Biking has quickly become a popular sport with few dedicated amenities to practice and learn new skills. Bicycle Pump tracks provide an activity for all ages and skill levels that is family oriented, promoting community, health and wellness. Learn more about the project.

Inclusive playgrounds







Left: Enables children to move easily between the slide and their mobility device parked next to the end of the slide. Right: Helps partially sighted and blind children and/or caregivers navigate and enjoy the playground by using the braille signage to anticipate what comes next on the playground.

The City of Calgary, Parks Foundation Calgary and the Government of Alberta partnered to develop 10 new inclusive playgrounds where all Calgarians can play, no matter their abilities. Construction started mid-year 2021 and all 10 playgrounds were complete by mid-2022.

Unlike typical play areas, inclusive playgrounds are designed to address the diverse needs of children at play. They are barrier-free and accessible to children and caregivers with mobility challenges and have features like directional braille indicator signs to help those who are blind or partially sighted enjoy the playground. There are also enclosed or semi-private areas where children can take a break when they are feeling overstimulated. The City aims to have an inclusive play space or recreational opportunity within a 5 km radius of every Calgarian as part of the Council-approved Inclusive Play Spaces Implementation Plan. Citizens are encouraged to provide feedback that will help guide the design of future inclusive playgrounds.

Somerset Spray Park


Picture28Completed this year, Somerset Spray Park reopened in June with a number of improvements to the 25-year-old park through a close collaboration with the Somerset Resident’s Association. The park now provides Calgarians in the south part of the city with an upgraded facility for all ages to enjoy.






Jack Long Park

Jack Long Park, the green space directly west of the Alexandra Centre in Inglewood, reopened this year following a redevelopment to improve the community park space. The updated park now offers a new recreational space for families and youth including a natural play area, picnic tables and a large family style harvest table and chairs, among other amenities.

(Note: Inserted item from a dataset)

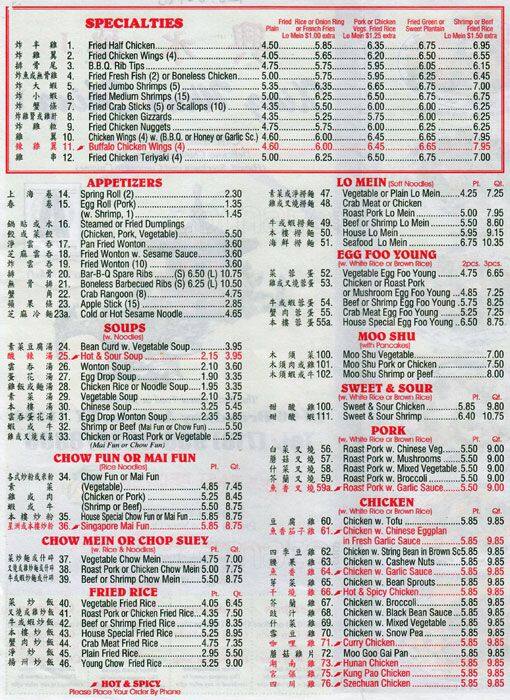 New Win Shing Chinese Food Menu Urbanspoon/Zomato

Additional park features include paved areas that will serve as flexible spaces for small concerts and theatre events, food truck servicing, market kiosks, or other arts and cultural uses. Also located within the park are a rain garden and sculptural bike racks that the community voted on and added input to help finalize their design.

South Calgary Outdoor Pool


The South Calgary Outdoor Pool reopened in July following a replacement of the pool basin that will provide enhanced accessibility and extend the lifespan of the pool. The facility now features a 25-meter pool with swim lanes, a teaching area, and two accessible entry points. Improvements were also made to upgrade the circulation and filtration systems.